Por que, na sua opinião, falta apoio do poder público para incentivar esse tipo de pesquisa?

Bem, são várias as questões, mas essencialmente é um problema de falta de visão que temos enquanto sociedade sobre a importância que a história, a cultura e o patrimônio cultural podem ter na vida das pessoas. Hoje no Brasil temos todas as condições de investigação, gestão e socialização deste patrimônio, permitindo a visitação dos sítios de naufrágio em contextos turístico-educativos sustentáveis, assim como para "trazer este patrimônio subaquático à superfície", através de técnicas de mapeamento digital e realidade virtual, por exemplo. O problema, portanto, não é técnico, tampouco de recursos econômicos, mas sim de prioridades. Com o devido interesse público, Salvador poderia facilmente tornar-se um centro de importância mundial na pesquisa, preservação e formação de pessoal capacitado em arqueologia subaquática.

O senhor é um grande conhecedor de sítios de naufrágios pelo mundo. O que destacaria sobre as características dos naufrágios registrados na Baía de Todos os Santos desde o século 17?

Certamente a representatividade, por haver naufrágios de diversos períodos (desde o século 17 até o 20), o fácil acesso, as águas predominantemente claras e com boas condições para o mergulho praticamente todo o ano. Mas se pudesse eleger um fator de destaque, diria que a integração do patrimônio subaquático com o exuberante patrimônio costeiro, suas paisagens marítimas, fortes, faróis, etc, formam um conjunto com grande potencial em termos patrimoniais, turísticos e educativos. É um diferencial poder mergulhar em quatro naufrágios de navios a vapor dos séculos 19 e 20, de quatro nacionalidades distintas, e ao sair da água ver que está ao pé do Farol da Barra, protegido pelo Forte de Santa Maria.

Por meio do estímulo ao turismo sustentável, esses sítios de naufrágios não poderiam ser mais preservados, incentivando os mergulhos e desenvolvendo o potencial turístico da Bahia para o mundo?

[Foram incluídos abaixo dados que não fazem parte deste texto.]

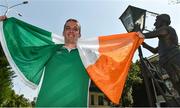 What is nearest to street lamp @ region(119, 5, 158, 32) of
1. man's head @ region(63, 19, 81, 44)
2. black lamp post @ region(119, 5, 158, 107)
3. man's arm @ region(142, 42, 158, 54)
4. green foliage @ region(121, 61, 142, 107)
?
black lamp post @ region(119, 5, 158, 107)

Sem dúvida. Hoje o turismo em sítios de naufrágio na BTS não possui qualquer regulação ou protocolo de boas práticas, de modo que a cada ano é visível o desgaste nos locais mais visitados. Talvez o pior elemento é o fundeio de embarcações sobre os sítios, lançando âncoras ou fazendo a amarração em elementos do sítio como canhões ou âncoras históricas. Seria necessário, como medida urgente, estabelecer pontos de fundeio fixos nestes locais e sinaliza-los. Com isso também aumentar a fiscalização e as ações educativas. Para atingirmos um ponto de turismo sustentável, cujo potencial é imenso na BTS, será necessário o trabalho conjunto de pesquisadores, do Iphan, da Marinha do Brasil e das operadoras de mergulho.